Former Ivory Coast president Laurent Gbagbo’s ex-budget minister yesterday called allegations that he robbed banks during his country’s 2011 post-election crisis politically motivated as he took the stand to fight his extradition from Ghana.
Justin Kone Katinan, who fled to neighbouring Ghana during the conflict, said current Ivory Coast President Alassane Ouattara was orchestrating the charges against him.
Extradition proceedings have been under way for months against Katinan, who has acted as Gbagbo’s spokesman since the former Ivorian strongman’s arrest.
“He decided to put pressure to Ghanaian government authority to arrest me,” Katinan said, referring to Ouattara. “I think that this... is only a political case.”

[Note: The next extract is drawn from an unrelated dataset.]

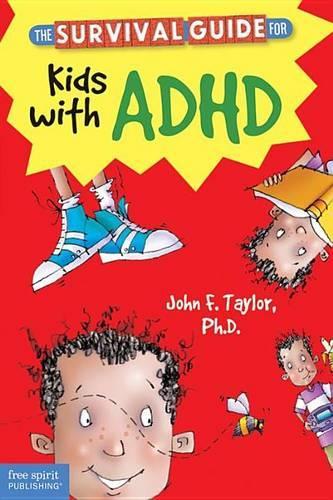 Survival Guide for Kids with ADHD, The: (Updated Edition)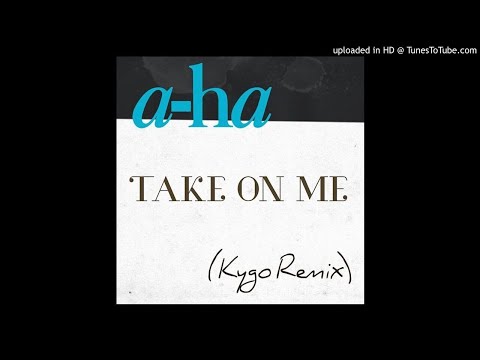 a-ha Feat. Kygo - Take on Me (Kygo Remix)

Katinan is charged with 20 counts of conspiracy to rob and robbery. Prosecutors in Ivory Coast allege he robbed a series of banks in the commercial capital Abidjan to help keep afloat Gbagbo’s government, which was crippled by sanctions after he refused to cede power after losing the 2010 vote to Ouattara.
Katinan was arrested last August after returning from South Africa to Ghana. In the hearing yesterday, he said he was in South Africa at the invitation of former South African president Thabo Mbeki, who invited Katinan to his foundation.
Katinan said he also met with Nkosazana Dlamini-Zuma, who had been elected chairwoman of the African Union.
“I am the spokesman of President Gbagbo, who has been in jail since 11 April 2011. He needs to defend his interests,” Katinan said.
Katinan responded to the allegations by saying that he had carried out a court order to reopen two of the country’s largest banks, which had been shuttered during the crisis by a French decree. He said public servants could not access their money while the two banks were closed, and ordered the police and prosecutor to reopen the branches, though he was not at the banks himself.